Philadelphia stands on the bank of the river Delaware; and, in 1795, when Mr. Weld was there, its appearance, as approached from the water, was not very prepossessing. Nothing was visible but confused heaps of wooden store-houses, crowded upon each other, and wharfs, which projected a considerable way into the river. The wharfs were built of wood; they jutted out, in every direction, and were well adapted for the accommodation of shipping; the largest merchant vessels being able to lie close alongside of them. Behind the wharfs, and parallel to the river, runs a street called Water-street. This is the first street which the stranger in America usually enters, after landing; and (says Mr. Weld) it will not give him a very favourable opinion either of the neatness or commodiousness of the public ways of Philadelphia. Such stenches, at times, prevail in it, owing in part to the quantity of filth and dirt that is suffered to remain on the pavement, and in part to what is deposited in waste-houses, of which there are several in the street, that it is really dreadful to pass through it. It was here, in the year 1793, that the malignant yellow fever broke out, which made such terrible ravages among the inhabitants; and, in the summer season, in general, this street is extremely unhealthy.
Few of the public buildings in Philadelphia pretend to great architectural merit. The churches are neat, but plain. The Masonic Hall is an unsightly combination of brick and marble, in the Gothic style. The Philadelphia bank is in a similar style. The United States and Pennsylvania banks are the finest edifices in the city: the first has a handsome portico, with Corinthian columns of white marble, and the latter is a miniature representation of the temple of Minerva at Athens, and is the purest specimen of architecture in the states: the whole building is of marble.
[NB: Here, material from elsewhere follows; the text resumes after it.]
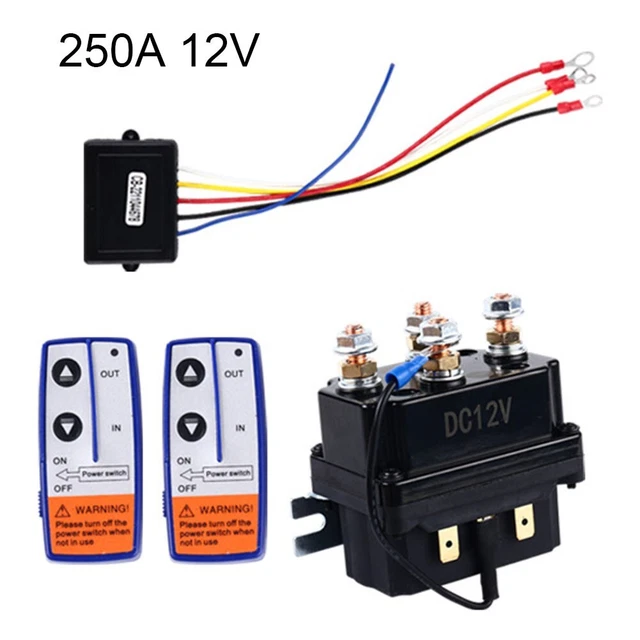 Interruttore Contattore relè, Durevole Impermeabile a Basso Consumo Energetico 12V 250A Kit relè Verricello Bobina in Ottone con 2 Controller per Dispositivi Industriali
The State House is a plain brick building, which was finished in 1735, at the cost of £.6000. The most interesting recollections of America are attached to this edifice. The Congress sat in it during the greatest part of the war; and the Declaration of Independence was read, from its steps, on the 4th of July, 1776. The Federal Convention also sat in it, in 1787. It is now occupied by the supreme and district courts below, and by Peale's Museum above. This museum, among other articles, contains an immense fossil skeleton of the great Mastodon, or American Mammoth, which, some years ago, was publicly exhibited in London.